There are two columns for each (e.g., MD_1 and MD_2 depending on which option participants chose). These end up being redundant with one another, and we'll have to combine them.

x-flips and y-flips, as their names suggest, measure the number of times participants' cursors flipped on the x and y axis.
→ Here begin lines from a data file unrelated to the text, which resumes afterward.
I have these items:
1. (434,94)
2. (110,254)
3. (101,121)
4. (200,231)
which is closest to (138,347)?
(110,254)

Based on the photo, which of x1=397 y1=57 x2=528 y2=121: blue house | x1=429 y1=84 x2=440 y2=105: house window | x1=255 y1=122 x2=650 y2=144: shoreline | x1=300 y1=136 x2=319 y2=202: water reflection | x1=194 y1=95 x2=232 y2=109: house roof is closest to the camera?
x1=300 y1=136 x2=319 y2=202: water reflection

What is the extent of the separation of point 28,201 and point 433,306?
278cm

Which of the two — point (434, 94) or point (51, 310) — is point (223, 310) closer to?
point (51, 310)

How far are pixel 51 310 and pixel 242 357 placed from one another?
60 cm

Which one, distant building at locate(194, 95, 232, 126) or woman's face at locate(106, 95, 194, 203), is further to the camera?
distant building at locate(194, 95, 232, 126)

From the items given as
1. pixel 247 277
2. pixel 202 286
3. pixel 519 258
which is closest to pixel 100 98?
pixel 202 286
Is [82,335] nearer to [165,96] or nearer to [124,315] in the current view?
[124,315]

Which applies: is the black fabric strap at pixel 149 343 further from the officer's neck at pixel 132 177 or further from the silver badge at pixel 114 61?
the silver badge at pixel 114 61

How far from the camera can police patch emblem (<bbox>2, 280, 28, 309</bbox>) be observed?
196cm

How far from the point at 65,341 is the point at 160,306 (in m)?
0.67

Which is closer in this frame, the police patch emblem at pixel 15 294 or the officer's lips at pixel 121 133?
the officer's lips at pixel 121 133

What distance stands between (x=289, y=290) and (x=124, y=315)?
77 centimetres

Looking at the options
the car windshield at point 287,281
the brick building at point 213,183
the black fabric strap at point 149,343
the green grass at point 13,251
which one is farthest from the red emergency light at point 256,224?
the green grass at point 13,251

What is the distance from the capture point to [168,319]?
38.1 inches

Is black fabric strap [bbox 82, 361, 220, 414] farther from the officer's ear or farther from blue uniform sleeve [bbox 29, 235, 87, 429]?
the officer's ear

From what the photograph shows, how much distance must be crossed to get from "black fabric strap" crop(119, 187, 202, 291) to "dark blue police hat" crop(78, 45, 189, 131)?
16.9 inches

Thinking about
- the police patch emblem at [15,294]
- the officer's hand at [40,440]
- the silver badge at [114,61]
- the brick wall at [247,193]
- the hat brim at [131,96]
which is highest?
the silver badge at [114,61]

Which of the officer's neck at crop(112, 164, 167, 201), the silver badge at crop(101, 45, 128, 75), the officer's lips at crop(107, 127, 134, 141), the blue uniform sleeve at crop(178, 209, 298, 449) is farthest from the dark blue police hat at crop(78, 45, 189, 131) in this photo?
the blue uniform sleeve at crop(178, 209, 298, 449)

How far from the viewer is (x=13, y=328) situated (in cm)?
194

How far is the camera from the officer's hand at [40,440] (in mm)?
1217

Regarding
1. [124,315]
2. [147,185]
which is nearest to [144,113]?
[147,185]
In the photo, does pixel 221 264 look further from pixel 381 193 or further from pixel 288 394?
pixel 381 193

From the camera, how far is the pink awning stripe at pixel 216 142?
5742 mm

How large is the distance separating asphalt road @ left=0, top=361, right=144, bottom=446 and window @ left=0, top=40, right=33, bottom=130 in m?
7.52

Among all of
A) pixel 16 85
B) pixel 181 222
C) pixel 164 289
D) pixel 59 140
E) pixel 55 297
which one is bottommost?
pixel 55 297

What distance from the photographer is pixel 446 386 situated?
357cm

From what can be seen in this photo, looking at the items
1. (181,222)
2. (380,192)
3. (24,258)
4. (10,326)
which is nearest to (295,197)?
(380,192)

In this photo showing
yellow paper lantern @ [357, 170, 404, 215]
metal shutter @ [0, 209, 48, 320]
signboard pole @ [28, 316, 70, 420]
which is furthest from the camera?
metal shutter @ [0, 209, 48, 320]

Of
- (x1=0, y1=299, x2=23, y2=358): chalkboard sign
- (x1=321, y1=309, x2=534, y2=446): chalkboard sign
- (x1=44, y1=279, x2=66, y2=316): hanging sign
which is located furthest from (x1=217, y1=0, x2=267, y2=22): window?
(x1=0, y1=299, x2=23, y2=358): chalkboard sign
To combine the two MD columns, we create a new column, find all the rows which have data in MD_1, and then fill in the rows which don't have data in MD_1 with the rows that have data in MD_2. We do the same with AUC.

In [4]:
data['MD'] = data.loc[data['MD_1'].isnull() == False, ['MD_1']]
data.loc[data['MD'].isnull() == True,['MD']] = data.loc[data['MD_2'].isnull() == False]['MD_2'] 
#We do this to get a slice instead of data.loc[data['MD_2'].isnull() == False, ['MD_2']] which returns a dataframe
In [5]:
data['AUC'] = data.loc[data['AUC_1'].isnull() == False, ['AUC_1']]
data.loc[data['AUC'].isnull() == True, ['AUC']] = data.loc[data['AUC_2'].isnull() == False]['AUC_2']

Mean MD and AUC

Now, we can use the .mean() method to get the mean of the above.

In [6]:
data['AUC'].mean()
Out[6]:
0.4573244198895028
In [7]:
data['MD'].mean()
Out[7]:
0.26286099447513805

Means by choice type

The next thing we want to do is see whether participants differed depending on what the type of choice was (e.g., self vs. other etc.) Eventually, we will have a 3x2 table of means:

self vs. other group more w/ self less group more w/ self more
chose selfish chose selfish chose selfish
chose selfless chose selfless chose selffless

Because of the way the conditions were coded (they include trial numbers), we'll use some regex to ignore those numbers:

In [8]:
sodata = data.loc[data['code'].str.extract(r'(so)', expand = False).isnull() == False]
smgldata = data.loc[data['code'].str.extract(r'(smgl)', expand = False).isnull() == False]
smgmdata = data.loc[data['code'].str.extract(r'(smgm)', expand = False).isnull() == False]
In [9]:
print sodata['MD'].mean()
print smgldata['MD'].mean()
print smgmdata['MD'].mean()
0.287940806045
0.240009049774
0.241194845361
In [10]:
print sodata['AUC'].mean()
print smgldata['AUC'].mean()
print smgmdata['AUC'].mean()
0.487281360202
0.4192239819
0.451306185567

AS IT TURNS OUT, this isn't very helpful, because this analysis collapses over whether or not participant chose the selfish or unselfish option, which is really what we're interested in. So let's look at that next:

In [11]:
print sodata.loc[sodata['error'] == 0]['MD'].mean()
print sodata.loc[sodata['error'] == 1]['MD'].mean()
print smgldata.loc[smgldata['error'] == 0]['MD'].mean()
print smgldata.loc[smgldata['error'] == 1]['MD'].mean()
print smgmdata.loc[smgmdata['error'] == 0]['MD'].mean()
print smgmdata.loc[smgmdata['error'] == 1]['MD'].mean()
0.283236649215
0.292302427184
0.225892405063
0.247862676056
0.181802877698
0.391294545455
In [12]:
print sodata.loc[sodata['error'] == 0]['AUC'].mean()
print sodata.loc[sodata['error'] == 1]['AUC'].mean()
print smgldata.loc[smgldata['error'] == 0]['AUC'].mean()
print smgldata.loc[smgldata['error'] == 1]['AUC'].mean()
print smgmdata.loc[smgmdata['error'] == 0]['AUC'].mean()
print smgmdata.loc[smgmdata['error'] == 1]['AUC'].mean()
0.511068062827
0.465226699029
0.499286075949
0.374682394366
0.314955395683
0.795901818182

So, that table above looks like this:

MD self vs. other group more w/ self less group more w/ self more
chose selfish .28 .23 .18
chose selfless .29 .25 .39
MD self vs. other group more w/ self less group more w/ self more
chose selfish .51 .50 .31
chose selfless .46 .37 .80

Note to self: I need to check if I have the selfish vs. selfless options coded correctly. I believe error == 0 = selfish.